2. Description of the Background Art
Retail outlets have widely utilized point-of-purchase display racks for displaying and dispensing a variety of packages, bags, packets, etc., of consumer products, such as snack food packages. Such display racks can be cumbersome, and in some instances require more space than businesses can allocate. Smaller display "cards" or "strips" thus are frequently being used as a substitute for display racks.

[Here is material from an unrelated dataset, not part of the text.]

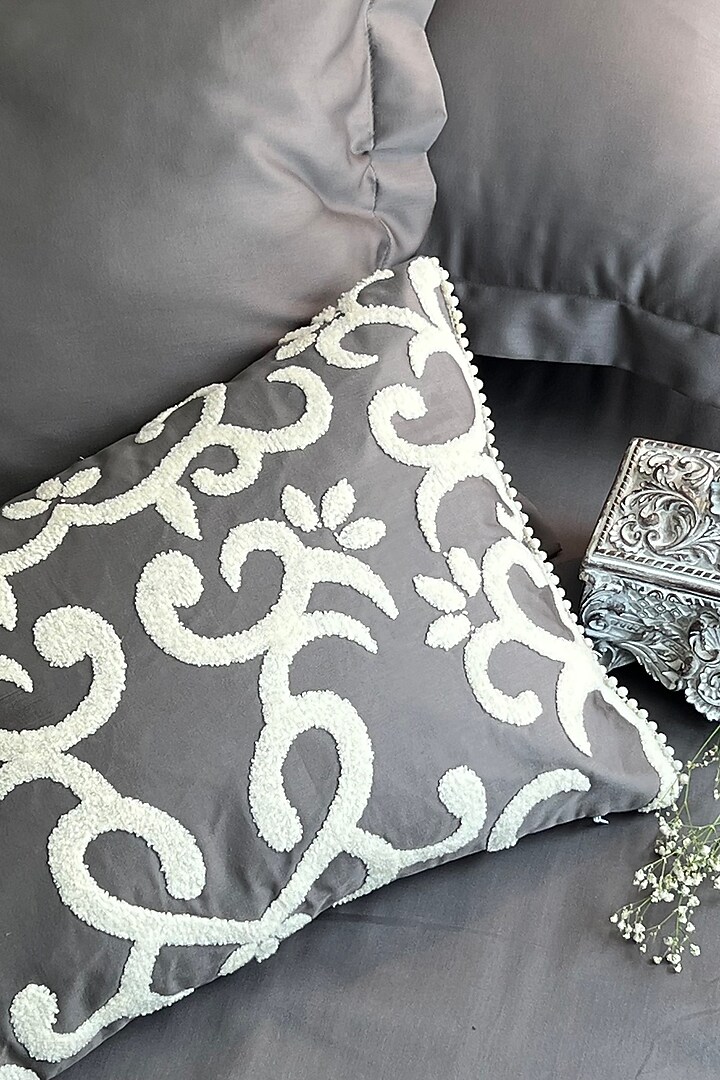 Elephant Grey Cotton Bedsheet Set (Set of 4) by SADYASKA at Pernia's Pop Up Shop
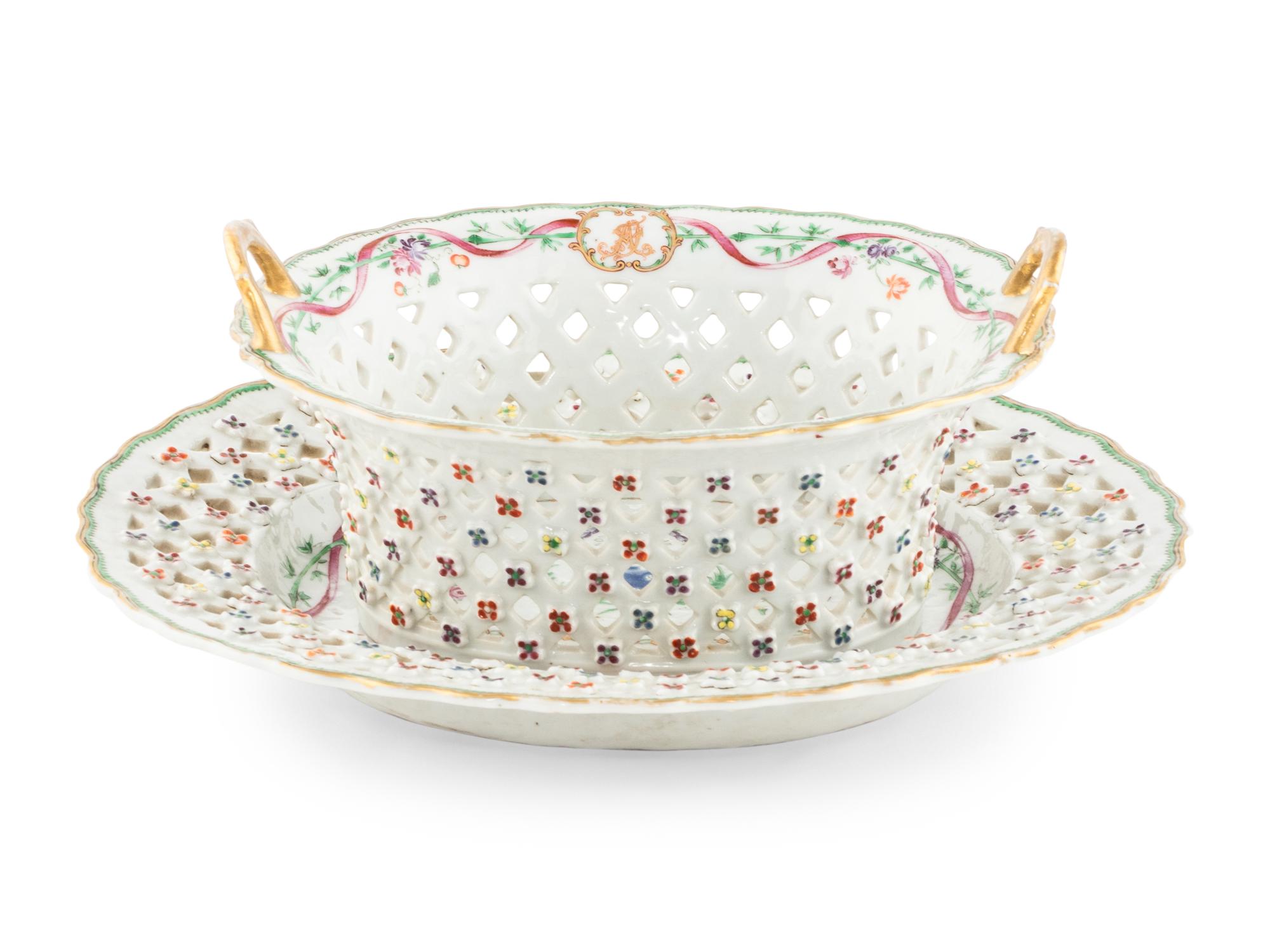 A Chinese Export Armorial Porcelain Reticulated Basket and Underplate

A display strip for packages of consumer products generally comprises a strip of cardboard or another rigid material which is a little less than a meter long and 5 cm wide and, typically, is small enough to be hung on a wall, or stand on a counter, near a cash register. Packages are usually affixed to the strip for display by folding and tucking the top seal of the package into a slot on the card. The products displayed on the strip are conveniently browsed by consumers and are easily removed ("shopped") from the display as desired. Stocking and restocking the strip, however, requires tedious, one-by-one placement and replacement by hand of individual packages. Attempts to efficiently and effectively stock these "fold/tuck/slot" strips by automated processes have proven to be complicated and generally have not been successful. An example of this type of display strip is disclosed in U.S. Pat. No. 4,422,552 to Palmer et al.
U.S. Pat. No. 2,272,623 to Runner discloses another type of display card, in which a consumer package is removed from the display card along a "scored" line or perforation. The package is specially designed to be filled, folded and closed to create a lip on which adhesive is applied for securing the lip and package to the display card. The score line from which the package is removed is on this special lip and is broken when the package is removed. A similar type of display card is disclosed in U.S. Pat. No. 2,801,002 to Volckening et al.
Other display cards utilized in the industry are cards upon which packages are hung. See, for example, U.S. Pat. Nos. 4,667,827 to Calcerano, 4,214,661 to Turetsky et al. and 4,312,449 to Kinderman. Stocking these display cards also is tedious, as individual packages are placed and replaced by hand.
There thus exists a need for point-of-purchase display strips and cards that offer an optimum balance of product stocking convenience and effectiveness, that are suitable to automated production techniques, with easy removal of the sealed package from the cards and strips.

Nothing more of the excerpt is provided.